En janvier 2001, Laurent-Désiré Kabila est assassiné ; il est remplacé par Joseph Kabila. Chirac entretiendra des relations globalement cordiales avec ce dernier et maintiendra le plaidoyer de la France au sein du Conseil de Sécurité de l’ONU pour une mission de l’ONU toujours présente et davantage plus efficace en République Démocratique du Congo. D’où le sens de l’hommage lui rendu par l’ancien Chef de l’Etat congolais pour qui Jacques Chirac aura été « l’un de tout premiers » à avoir compris sa vision et à lui avoir fait confiance.

La République Démocratique du Congo se souviendra donc de Chirac comme un grand dirigeant français qui aura œuvré à préserver les intérêts français dans un pays dont la France ne peut se permettre le luxe de se passer.
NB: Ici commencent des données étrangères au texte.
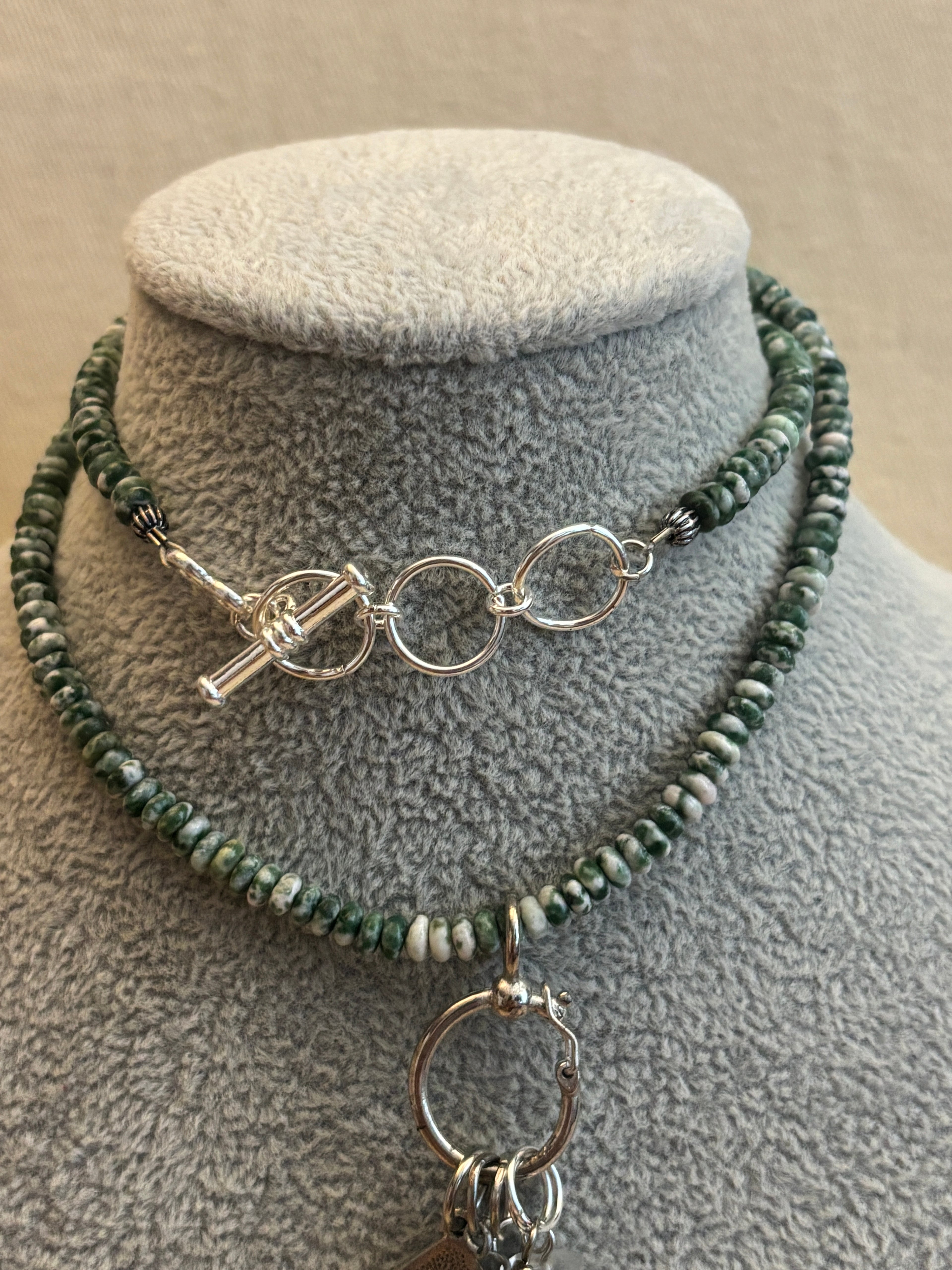 Necklace with green beads and silver clasp on a textured surface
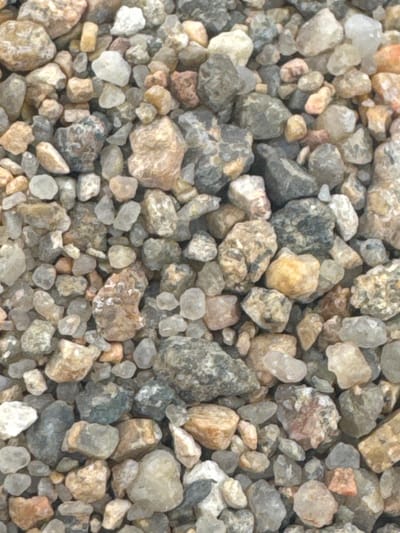 This is a top-down, close-up, eye-level shot of a dense accumulation of various sized gravel stones. The stones are predominantly muted earth tones, with shades of grey, beige, tan, and some lighter white and reddish-brown flecks. Their textures vary from smooth and rounded to rough and angular. The lighting appears even, suggesting it's either overcast or taken in diffused light, with no harsh shadows. The scene is a still-life composition of natural elements. No people, specific objects, or discernible text are present. The setting is a collection of natural stones, indicative of a ground surface or a pile of aggregate material. The image is likely a detail shot, focusing solely on the texture and composition of the gravel. Given the location context of Володарский ауылдық округі, Kazakhstan, this could be a representation of local terrain, construction material, or natural ground cover.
Si lesdits intérêts français coïncidaient plutôt avec ceux d’un régime Mobutu délégitimé, honni et décadent au milieu des années 1990, ils ont paru justifiables aux yeux de beaucoup de Congolais au lendemain de l’éclatement de la « deuxième guerre du Congo » en août 1998. Ce qui importait alors, pour la France de Chirac et la République Démocratique du Congo des Kabila, était la résolution de la « crise congolaise » à travers une intervention conséquente de l’ONU. Grâce à la mainmise de son pays sur le département des opérations de maintien de la paix de l’ONU, Chirac disposait d’un outil qui le rendait indispensable et incontournable aux yeux des autorités et peuple congolais, sans que cela ne lui fasse nécessairement mériter le titre de « Chirac, le Congolais ».